Thursday, April 28th
9:00 AM-
B-201: Open Networking (Edge/Data Center Applications Track)
Paper Title: Extending DPUs to Enable Software-Defined I/O (SDIO)

Paper Abstract: Software-defined I/O (SDIO) merges memory and storage in an effort to get full benefit from today's wide range of memory technologies and interconnects. It improves memory usage without demanding extra work from programmers, thus increasing TCO at the system level. Applications thus see the full advantage of such advances as SSDs, persistent memory, NVMe-oF, RoCE, and DRAM connected via the emerging CXL interface. Adding support for a flat memory hierarchy to DPUs can make them even more valuable in today's data-driven world. An on-board SDIO controller provides the required hardware, avoiding the need for an external unit. Future Arm cores can readily offer such features.
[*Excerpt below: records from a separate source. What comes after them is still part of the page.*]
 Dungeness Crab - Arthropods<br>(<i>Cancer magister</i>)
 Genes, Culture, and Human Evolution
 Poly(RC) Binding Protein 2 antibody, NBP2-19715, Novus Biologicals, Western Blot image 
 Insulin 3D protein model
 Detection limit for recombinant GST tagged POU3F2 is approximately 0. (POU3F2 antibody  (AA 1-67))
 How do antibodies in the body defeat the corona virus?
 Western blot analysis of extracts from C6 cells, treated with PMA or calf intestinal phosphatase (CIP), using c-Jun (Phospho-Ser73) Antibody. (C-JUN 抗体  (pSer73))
Paper Author: Dhaval Parikh, Head Hyperscale, Arm

Author Bio: Kshitij Sudan is Director of the Storage and Acceleration Segment at Arm, where he leads solution strategy and business development. He was previously a Staff Engineer and Design Solutions Architect at Arm, and a Performance Architect at Samsung Electronics. He has a strong background in SoC design, storage, Arm servers, and DRAM. He has published several conference presentations, including ones at the important HPCA (High-Performance Computer Architecture) and ASPLOS (Architectural Support for Programming Language and Architectures) events, and a paper in the IEEE Transaction on Computers. He earned a PhD in Computer Architecture from the University of Utah and holds two patents in memory system architecture.